Do not do it please. The user knows if he/she wants to contract logarithms or not and then he/she can run the coresponding method. If you include this as an automatical simplification in simplify_full, consider the following
- domain of log(1-x)+log(1+x) is different from domain of log(1-x^{2) }
- you should add a function which expands logarithms
Thanks Robert
comment:5 Changed 8 years ago by
- Status changed from needs_work to needs_review
Attached new patch, apply only this patch.
Options which controls if simplify expressions like 1/2*log(x) or not has been introduced.

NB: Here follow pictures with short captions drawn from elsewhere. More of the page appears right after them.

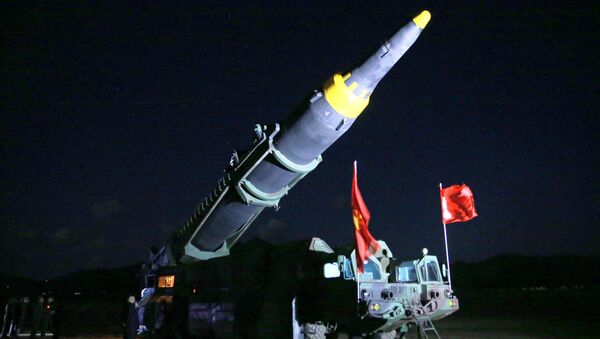 North Korean leader Kim Jong Un inspects the long-range strategic ballistic rocket Hwasong-12 (Mars-12) in this undated photo released by North Korea's Korean Central News Agency (KCNA) on May 15, 2017. - Sputnik International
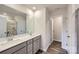 Double vanity bathroom with gray cabinets and quartz countertops at 9862 Old Garden Cir, Gastonia, NC 28056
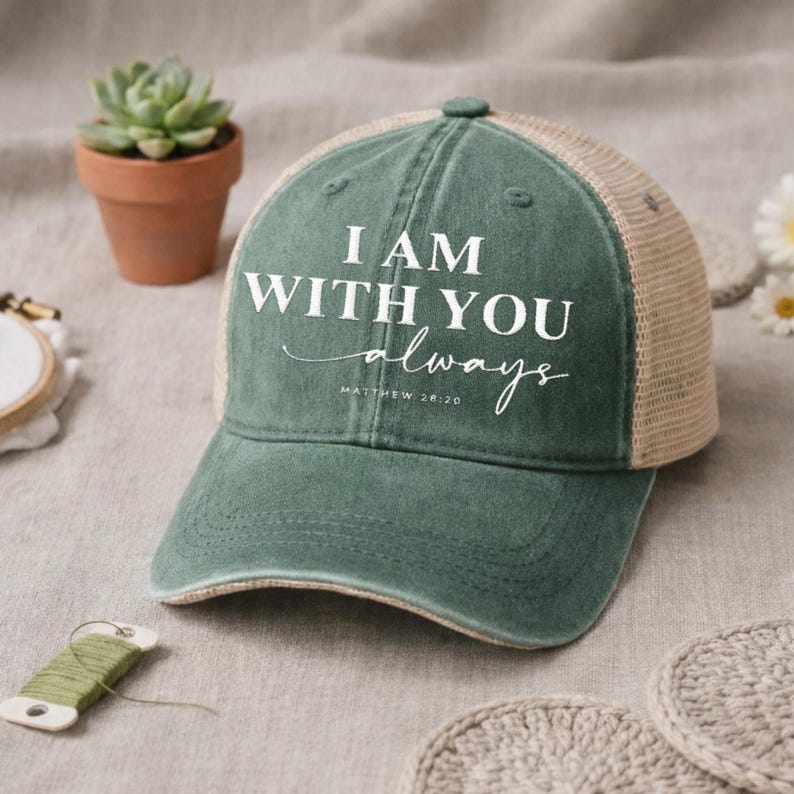 May include: A green baseball cap with a mesh back and the text "I AM WITH YOU always Matthew 28:20" in white. The cap has a distressed look and a curved brim. The background includes a small potted plant and crochet coasters.
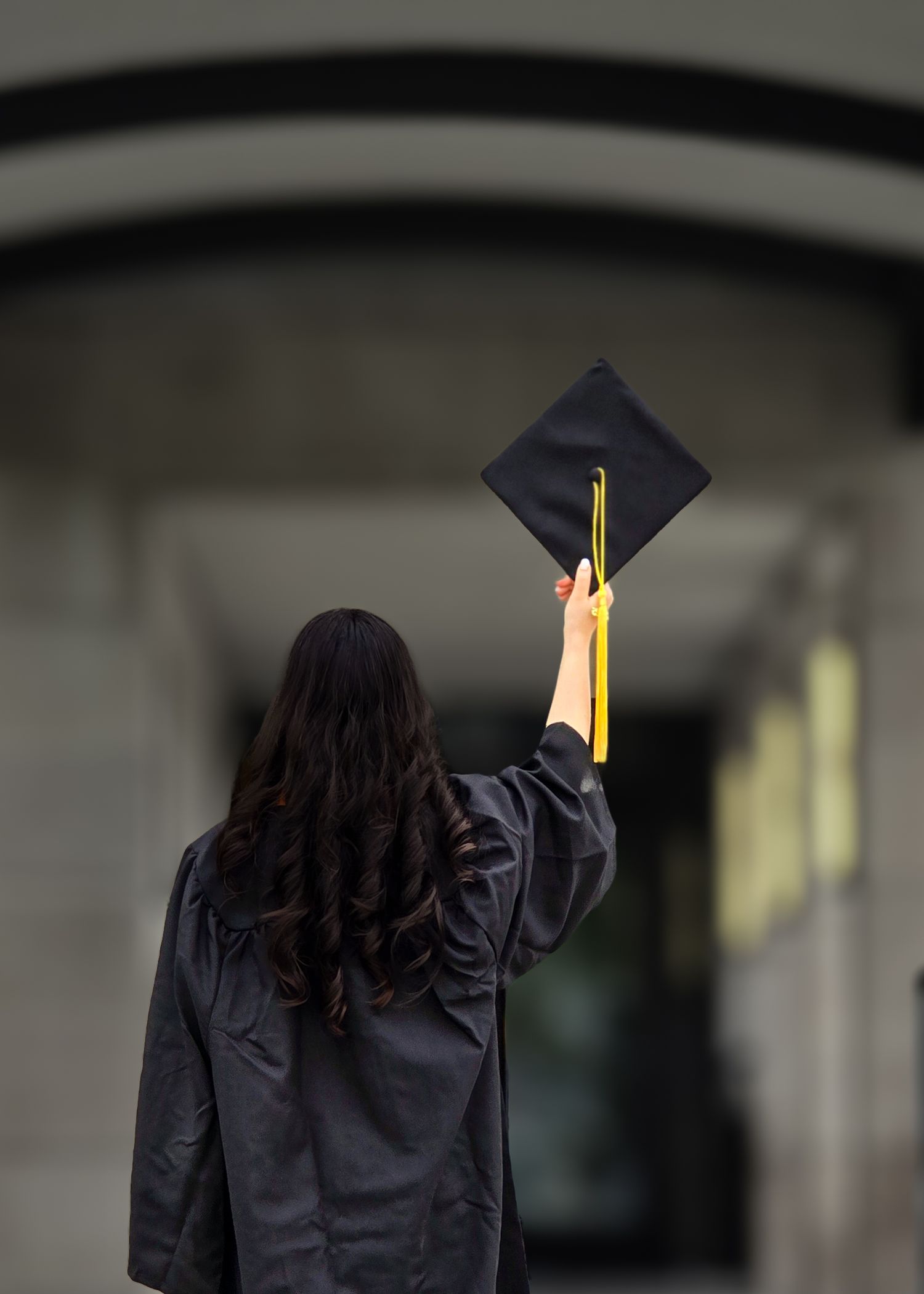 Graduate in black cap and gown holds up their mortarboard cap from behind.
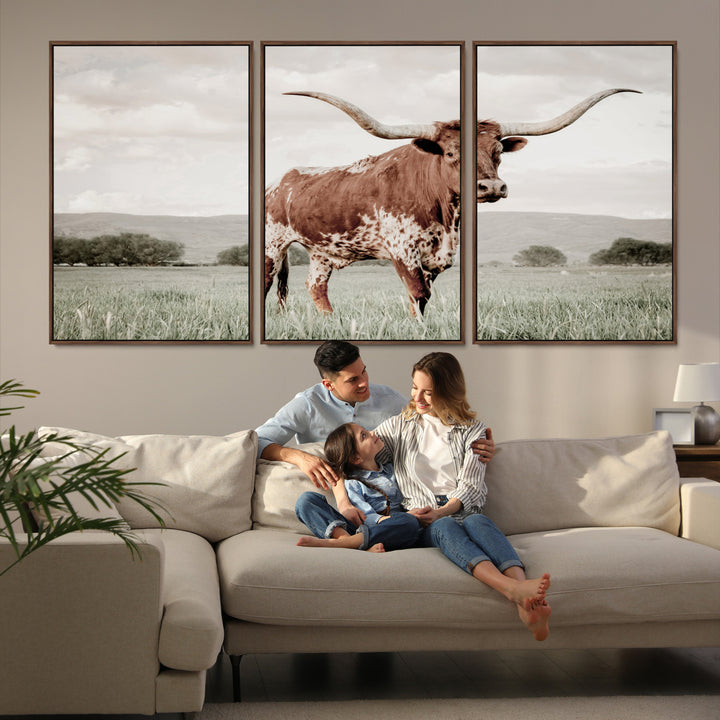 Canvas of a Texas longhorn standing in a grassy field with mountains in the background, ideal for rustic or country-style western wall decor.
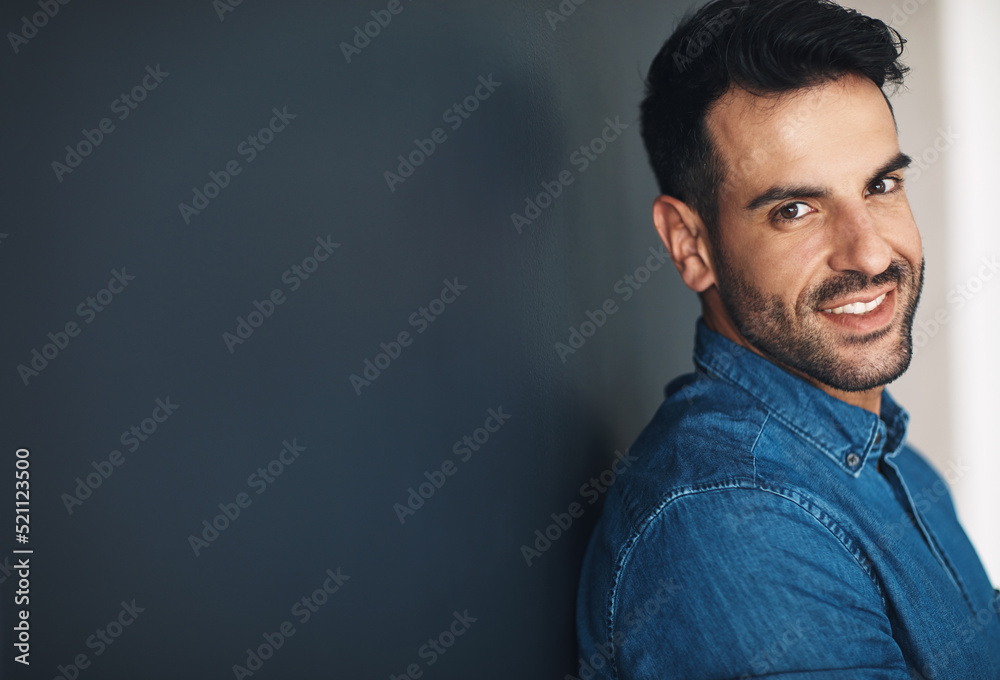 Fototapeta premium Happy, confident and smiling business man or entrepreneur in an office with copy space. Ambitious and determined male employee leaning against a wall at work. Feeling positive and working for success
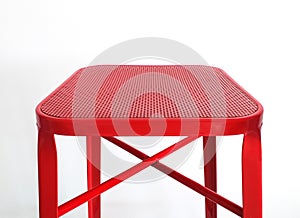 Top of red metal leg stool isolated on white background. Square high chair ideal for hotels, bars, kitchens, functional and modern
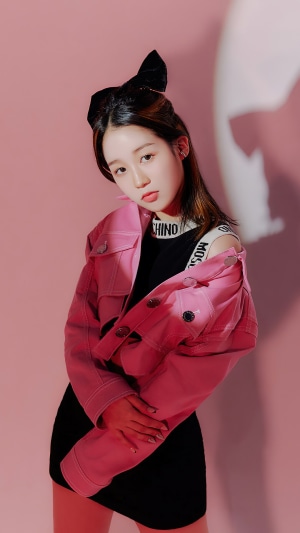 Kep1er's Hikaru in a pink jacket and black dress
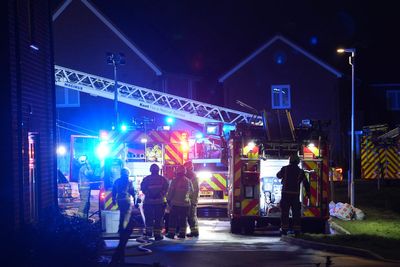 Child dies and another taken to hospital after house fire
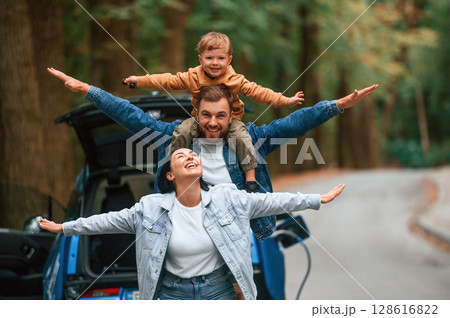 Playing together. Mother, father and little son are waiting for electric car to charge outdoors Playing together. Mother, father and little son are waiting for electric car to charge outdoors 128616822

simplify_log now does not use radcan, it calls only logcontract in Maxima session. However, there are many aliases for radcan: radical_simplify, simplify_radical, exp_simplify, simplify_exp
Changed 8 years ago by
comment:6 in reply to: ↑ 4 Changed 8 years ago by
Replying to robert.marik:
Replying to kcrisman:
Anyway, then you could just call this wherever you think is best in the definition of .simplify_full(), which certainly should have this included.

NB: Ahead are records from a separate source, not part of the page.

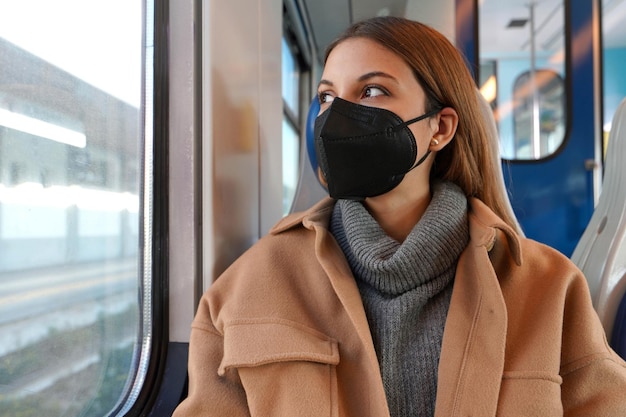 Junge nachdenkliche Frau in einer medizinischen Maske FFP2 KN95 im Zug, die durch das Fenster schaut. Konzept des Reisens und der Nutzung öffentlicher Verkehrsmittel während einer Pandemie.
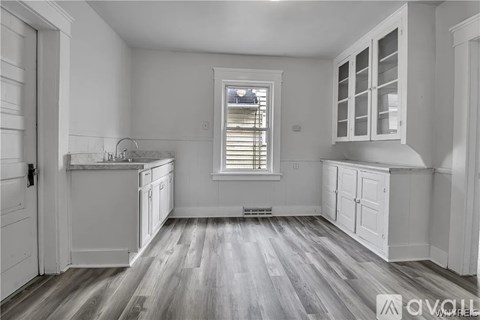 A kitchen with white cabinets and a window with blinds.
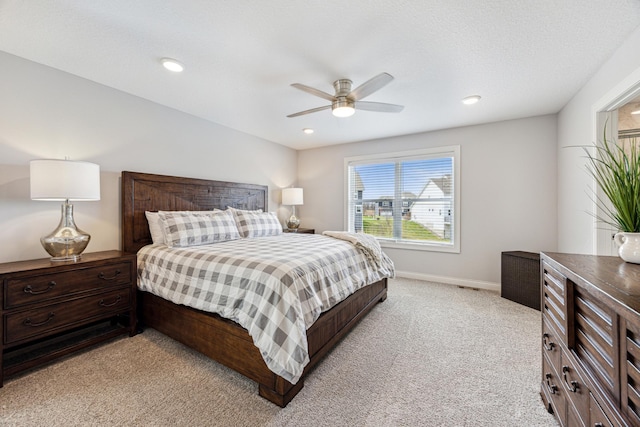 bedroom featuring baseboards, a ceiling fan, recessed lighting, and light carpet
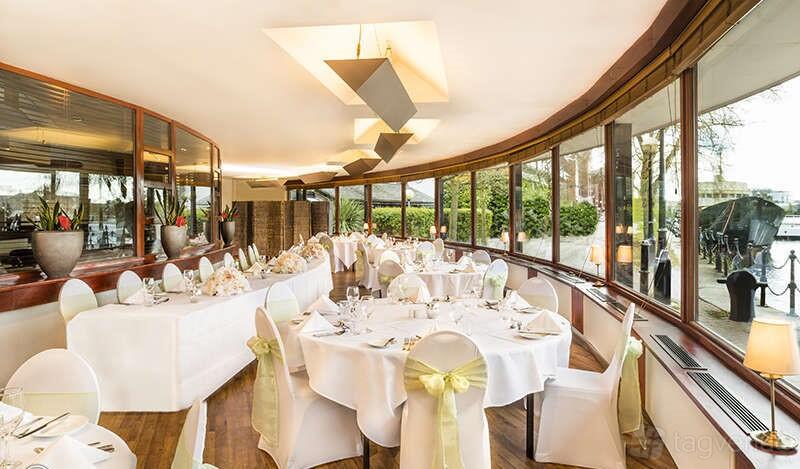 A restaurant in a hotel with large curved windows, round tables with white linens, and wood floors at Copthorne Hotel Manchester.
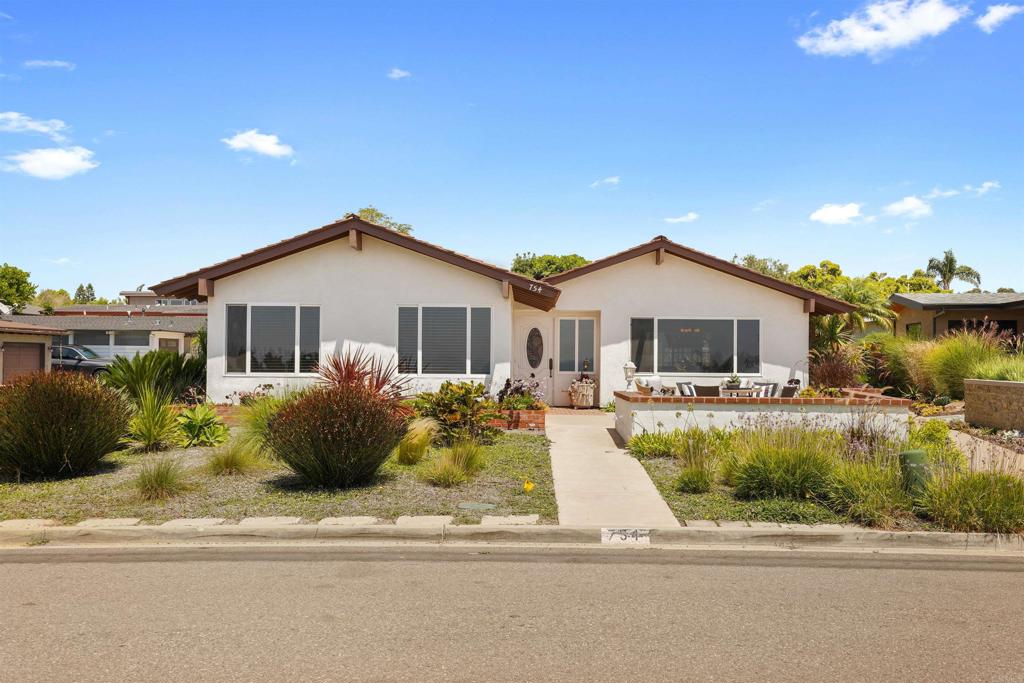 a front view of a house with a garden and plants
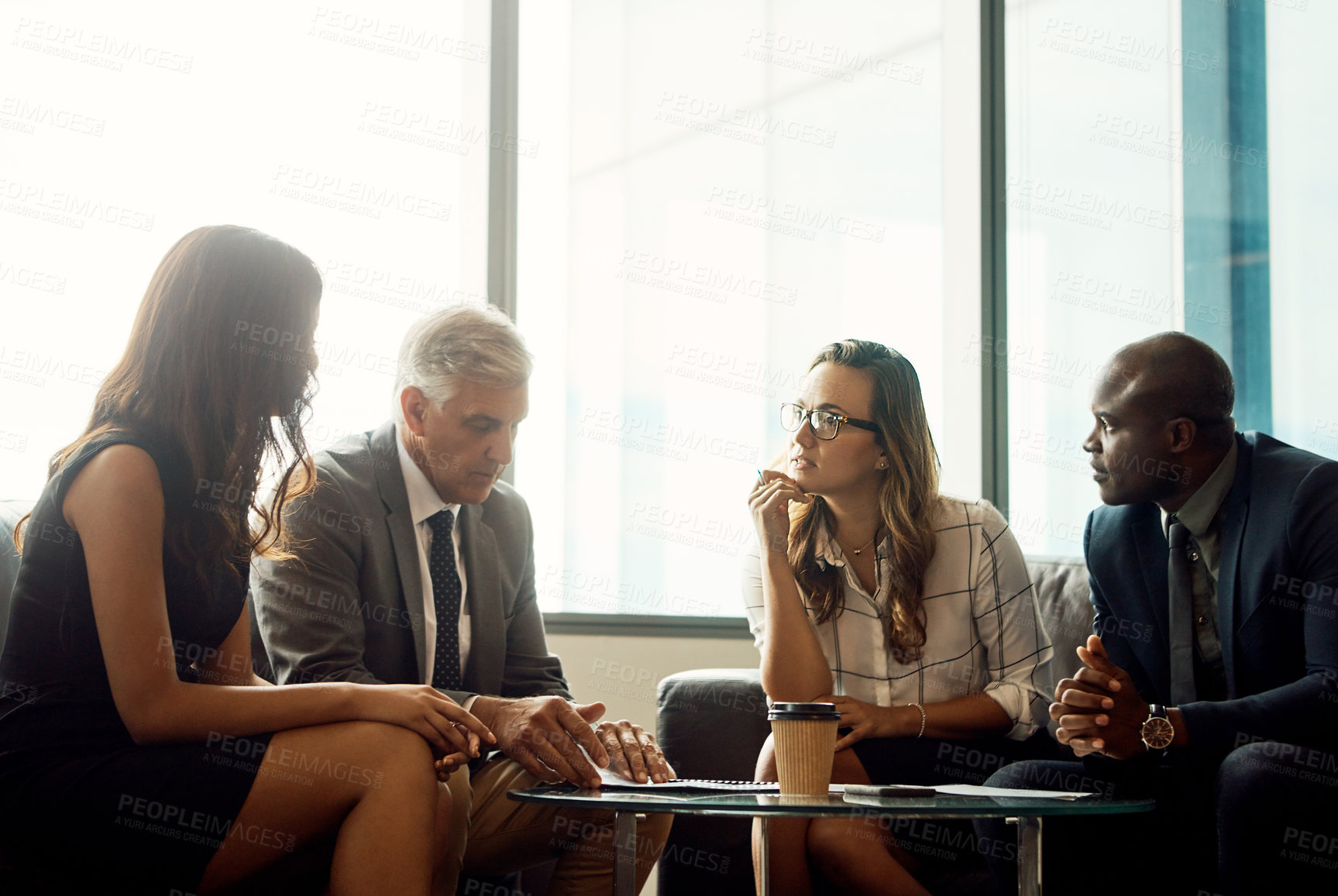 Buy stock photo Shot of a group of businesspeople going over paperwork during a meeting in an office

Do not do it please. The user knows if he/she wants to contract logarithms or not and then he/she can run the coresponding method. If you include this as an automatical simplification in simplify_full, consider the following
I disagree. simplify_full is the sort of thing used by people who do NOT know if they want to contract - they want the simplest-looking form possible. In fact, these people usually use just simplify() first and then email sage-support complaining it doesn't do things like this :)

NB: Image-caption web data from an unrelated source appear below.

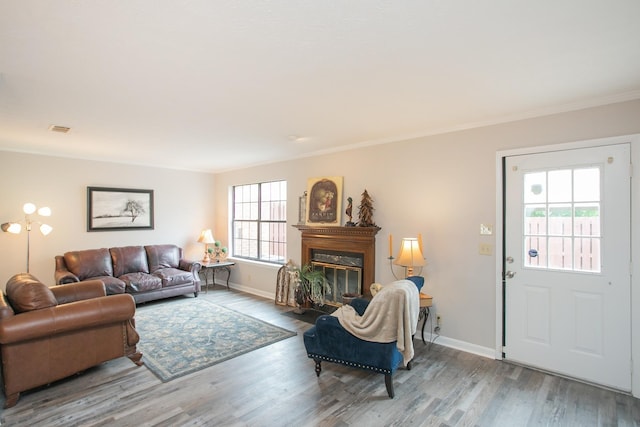 living room with ornamental molding and light hardwood / wood-style flooring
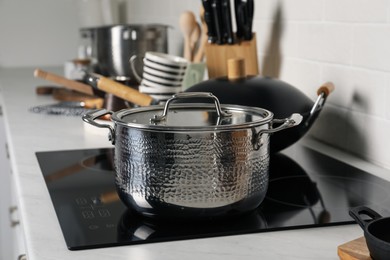 Photo of Metal pot and wok on cooktop in kitchen. Cooking utensils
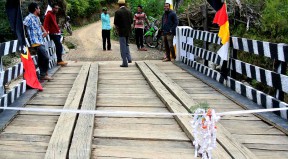 A wooden bridge, decorated with ribbons and flags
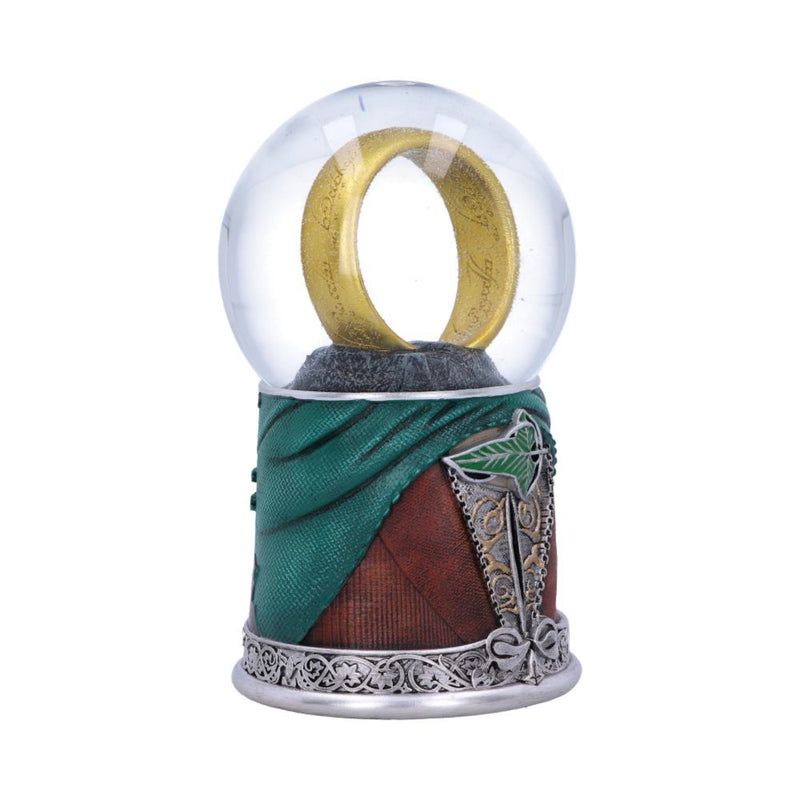 Decorative item with a gold ring inside a clear dome, green fabric, brown leather, and silver metalwork on a white background.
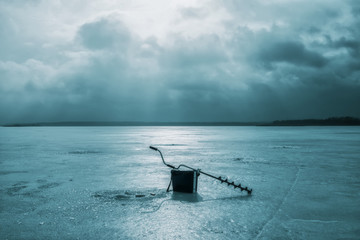 Fishing tackle on the ice of the lake. Ice fishing.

Anyone who is looking for something specific can use the specific wrappers for the Maxima simplifiers; the general user who is not actually interested in symbolics or niceties like domains (which presumably the other simplifiers also disrespect, e.g. x2/x is not x but presumably one of them does this and is part of simplify_full) needs a function which applies as much machinery as possible, and simplify_full is it.
That said, wrapping more of the expanding functions is a very good idea! One could even have an "expand_full" function to complement the "simplify_full".
(Unfortunately, many users (including me) get tripped on on simplify versus expand linguistically, because in colloquial high school English they are often used interchangeably... sigh, but I'm just as guilty as anyone.)
comment:7 Changed 8 years ago by
Added contraction of logarithms to simplify_full() and some more options.
comment:8 Changed 8 years ago by
note that something does not work as expected due to recently fixed Maxima bug.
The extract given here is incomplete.